名作に浸る
残念ながら絵心がまったくない。そんな私でも時折、編集稼業の関係で
スケッチを描かなくていけないことがある。
久し振りで撮影用のラフ・スケッチを描いた。我ながら酷いこと、この上ない。
幼稚園児にも負けるぞ、これは。
取り敢えず出来上がったものを友人の事務所へFAX送信である。案の定だ。
折り返し友人から送られて来たFAXには、ひと言。
「いたずらFAX厳禁」
え〜〜〜〜ん。本気で描いたんですけど〜。そりゃ人間の顔が丸で、そこ
から線で胴と手足が延びているのでは「いたずら」って言われても仕方ない
けどね。とほほ…。
『蜘蛛女のキス』(マヌエル・ブイグ 集英社文庫)読了。
初めて読んだのは20年以上前か。いきなり映画の筋の語りから始まる本書は、
会話をしているふたりが誰なのか、どんな状況にいるのか、まったく分からない
手探りのまま読み進めていた。
読み進むうちに刑務所内での会話であること、ホモセクシャルのモリーナと
政治犯のヴァレンティンが同じ房にいること、ふたりの背景にあるものが徐々に
明らかになって来る。
そして、いつの間にかモリーナが話す映画の内容に引き込まれ、聞き手である
ヴァレンティンのように映画の続きが気になって来る。
シェヘラザートのようなモリーナの話に、ページをめくる手が止まらない。

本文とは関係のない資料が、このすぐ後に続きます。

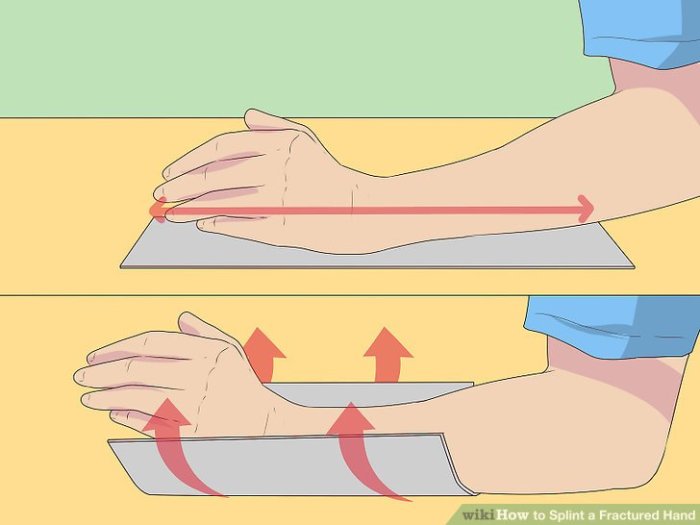 4 Ways to Splint a Fractured Hand - wikiHow Angels put chris taylor fractured hand il
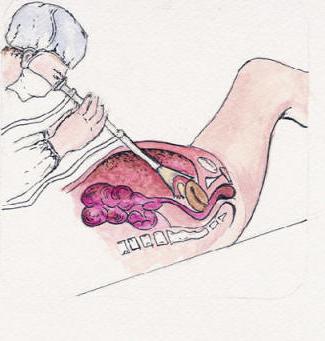 френикус sintoma em ginecologia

そして、
書体を変えた独白部分が多少の謎を秘めて、物語は重く哀しい結末へ向かう。
改めて読み終わっても、やはり名作である。モリーナの優しさ、切なさが心に
沁み入る。妖しくて、温かい物語は時代が経ってもいいものだねぇ。
実家の書棚にあるはずなのだけど、昨年、改訂版が発行されたのを機に
再読してみた。あぁ、小説もたまには読まなきゃ。